→ **TO DO**:
Return the data below in full and exactly, except that the pictures are dropped.

→ **DATA BLOCK**:
>>>

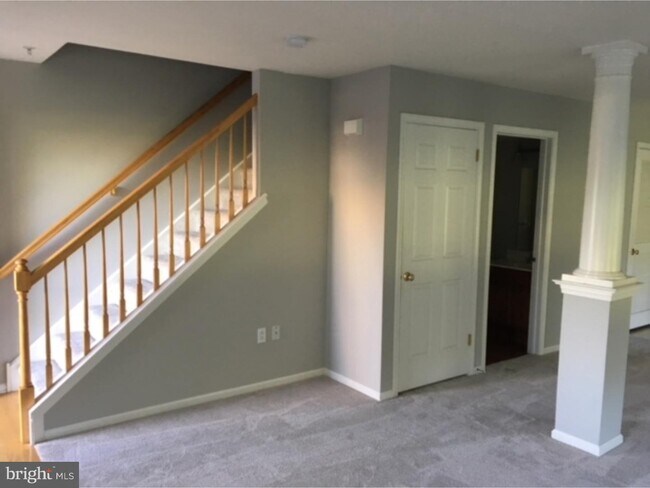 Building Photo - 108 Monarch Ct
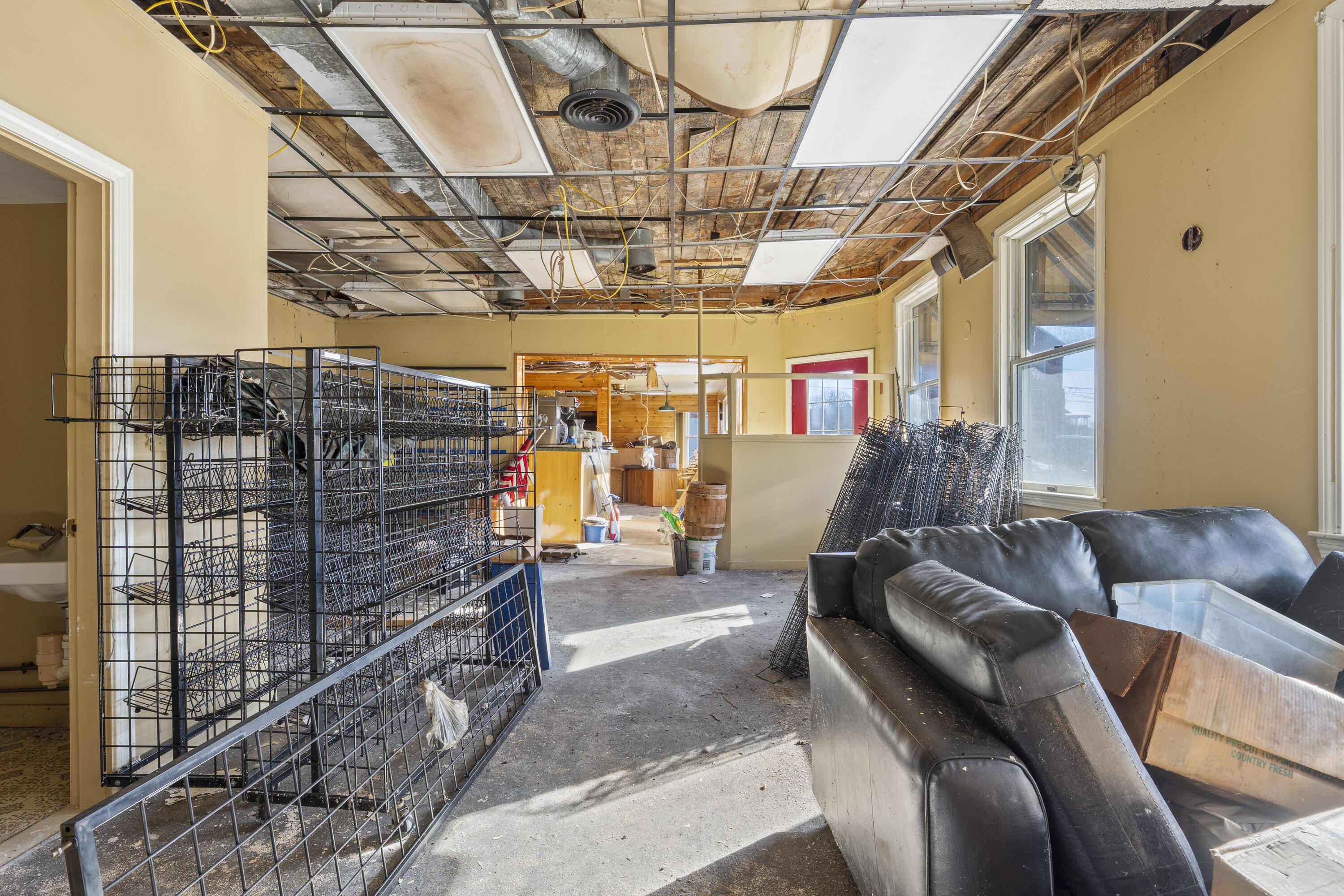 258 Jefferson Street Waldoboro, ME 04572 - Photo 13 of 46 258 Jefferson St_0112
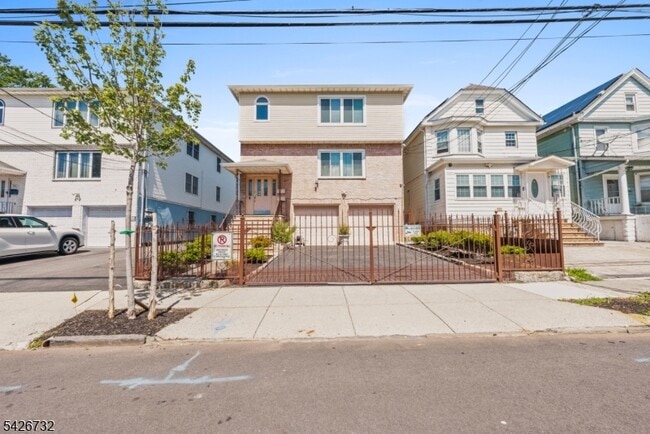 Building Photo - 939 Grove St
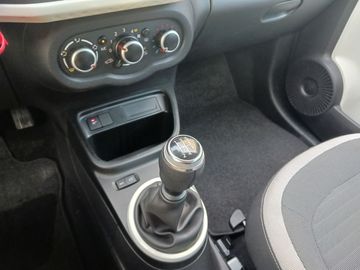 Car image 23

<<<

→ **YOUR SOLUTION**:
 Building Photo - 108 Monarch Ct
 258 Jefferson Street Waldoboro, ME 04572 - Photo 13 of 46 258 Jefferson St_0112
 Building Photo - 939 Grove St
 Car image 23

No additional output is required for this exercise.